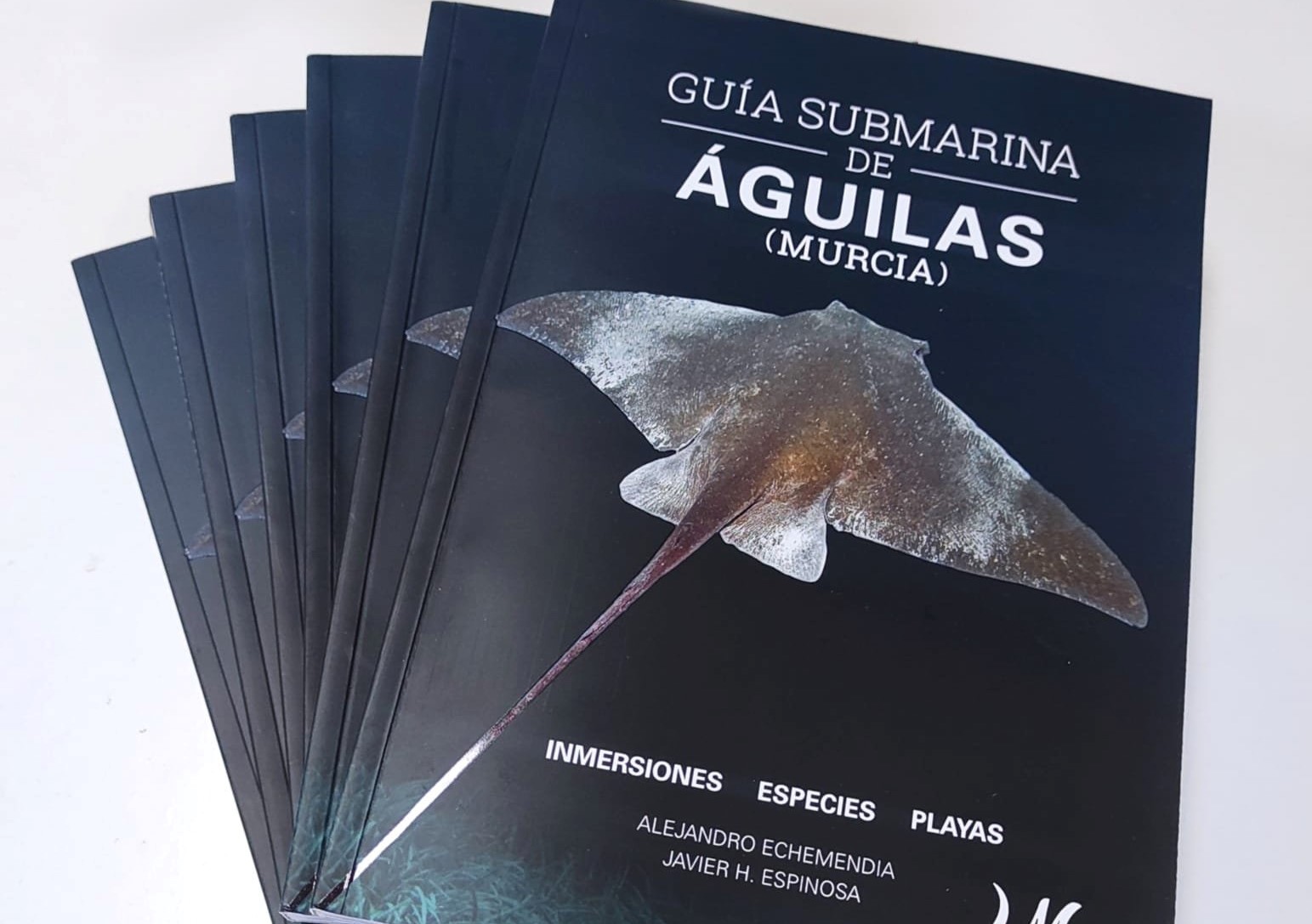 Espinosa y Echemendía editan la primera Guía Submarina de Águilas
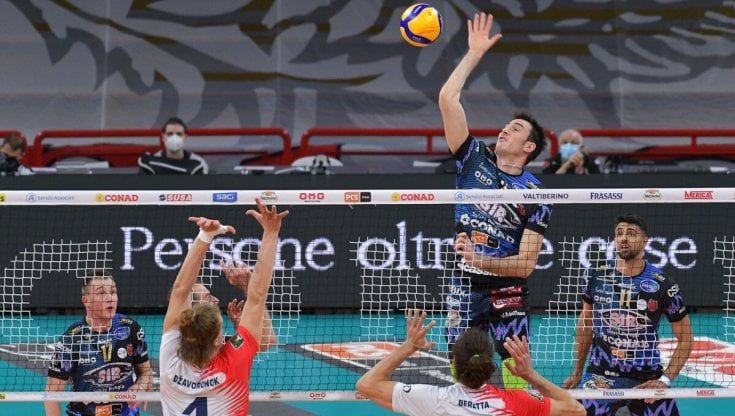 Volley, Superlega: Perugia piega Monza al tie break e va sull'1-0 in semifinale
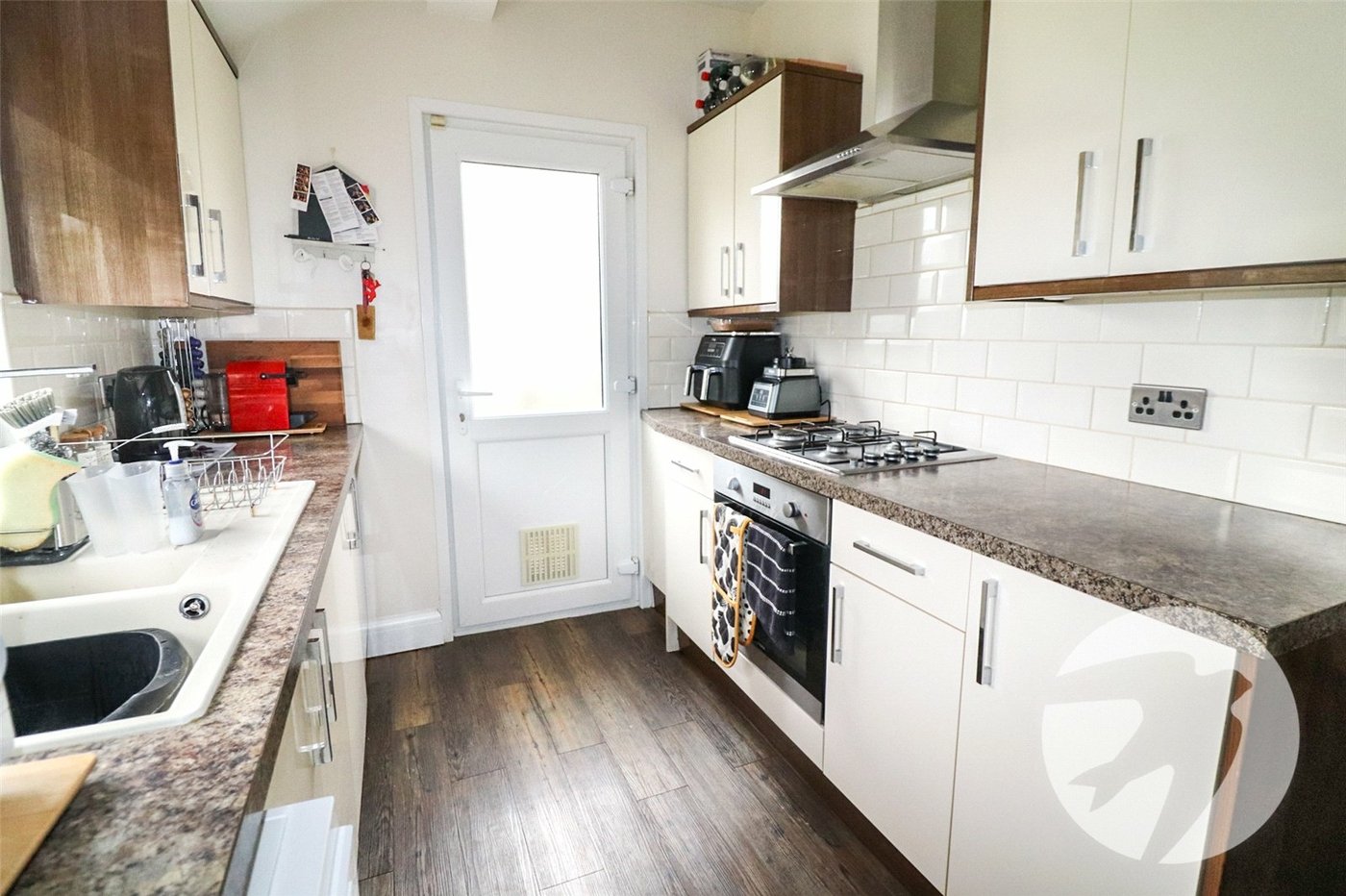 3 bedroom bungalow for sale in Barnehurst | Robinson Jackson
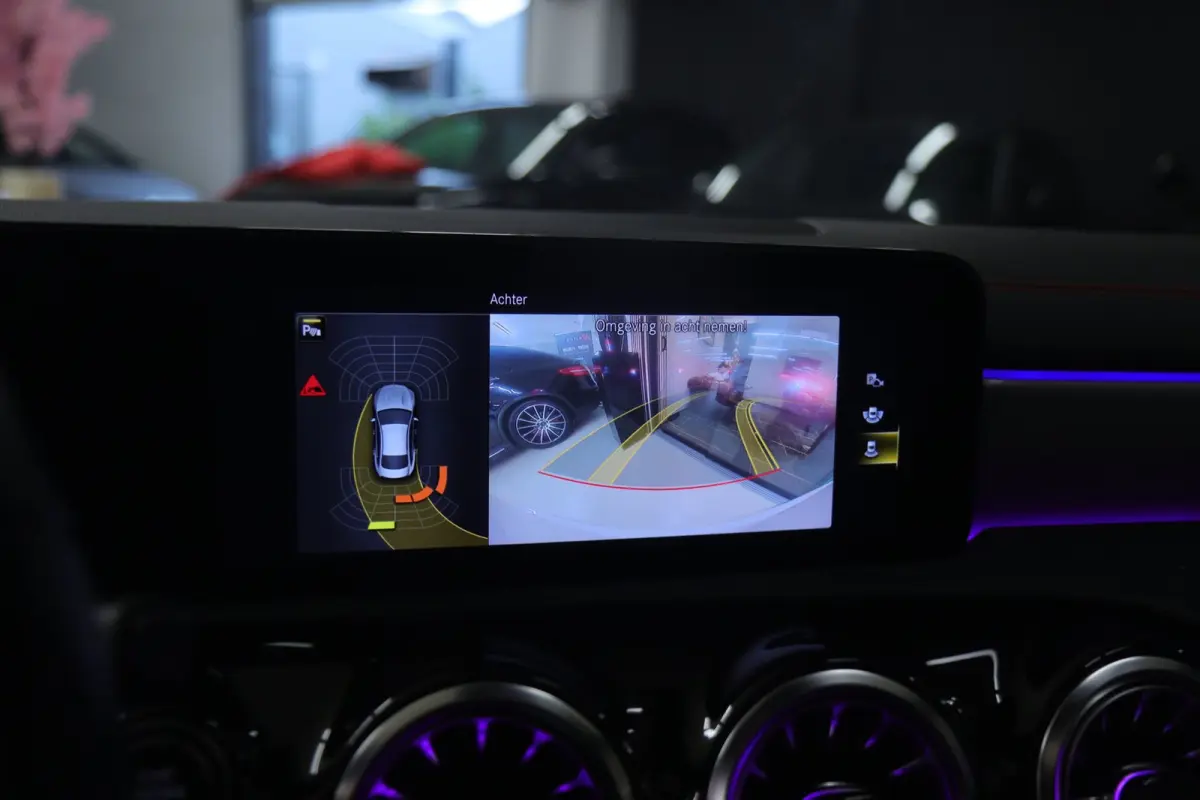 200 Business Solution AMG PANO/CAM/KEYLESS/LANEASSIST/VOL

Task details » Could you give the listing above again word for word, without any pictures?

Result of the exercise »
 Espinosa y Echemendía editan la primera Guía Submarina de Águilas
 Volley, Superlega: Perugia piega Monza al tie break e va sull'1-0 in semifinale
 3 bedroom bungalow for sale in Barnehurst | Robinson Jackson
 200 Business Solution AMG PANO/CAM/KEYLESS/LANEASSIST/VOL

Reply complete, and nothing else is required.